How Early Weed Control Impacts Soybean Crop Yield

March 18, 2022

Controlling weeds is a big part and an important part of soybean production, as they can cause significant yield losses.

An effective integrated weed management (IWM) strategy includes field scouting, crop rotation, cover crops and weed control. 

When is the best time to remove weeds for optimal soybean yields?

As with many things, timing is everything, and that includes early weed control. You’ll need to consider this crucial factor when planning your IWM strategy for soybeans.

In a study of 13 fields in Ontario and Nebraska, it was successfully shown that crops should remain weedfree before the V3 (third node) growth stage to maintain maximum soybean yield potential.
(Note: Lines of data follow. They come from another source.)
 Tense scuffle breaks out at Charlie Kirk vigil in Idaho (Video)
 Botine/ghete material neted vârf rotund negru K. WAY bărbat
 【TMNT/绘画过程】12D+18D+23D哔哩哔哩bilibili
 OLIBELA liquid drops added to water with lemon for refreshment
The study also showed that the period during which soybeans should be absolutely free of weed competition corresponds to the VC to V3 growth stages, respectively, because weeds that emerge after the V3 growth stage can affect soybean yield, but to a much lesser extent.

However, keep in mind that weeds that emerge after the V3 growth stage can potentially increase the weed seed bank in the soil and interfere with harvest operations even if soybean yield is only slightly affected.

An overview of the most destructive soybean weeds  

Not all weeds affect soybean yields in the same way. The table below shows soybean crop yield losses due to weeds in two different known population densities.

Yield losses
Weeds1 plant/m25 plants/m2
Annual broadleaves
Cocklebur 15%41%
Eastern black nightshade14%40%
Giant ragweed14%40%
Lamb’s quarters13%38%
Wild mustard5%20%
Wild buckwheat4%15%
Annual grasses
Volunteer corn4%15%
Giant foxtail3%12%
Proso millet3%12%
Barnyard grass3%12%
Fall panicum2%10%
Green foxtail2%8%
Yellow foxtail1%5%
Old witchgrass1%4%

Reference: Agronomy Guide for Field Crops by OMAFRA

Herbicides vs. mechanical weed control

You will need to use effective methods during the critical period to keep a handle on weeds and minimize yield losses. They may involve using herbicides and/or mechanical weed control.

The timing of these operations during the critical period differs from year to year and region to region due to variations in climate, soil type, weed species and population density.

Using herbicides pre- or post-harvest to control perennial weeds is one of the most effective methods.

Mechanical weeding provides some control of young annual weeds when done with a set of light harrows that work the soil shallowly before crops emerge (5 days after seeding) like a comb. You can also do inter-row cultivation with a light to medium-heavy weeder if the soil is dry and can support the equipment without leaving tire marks. 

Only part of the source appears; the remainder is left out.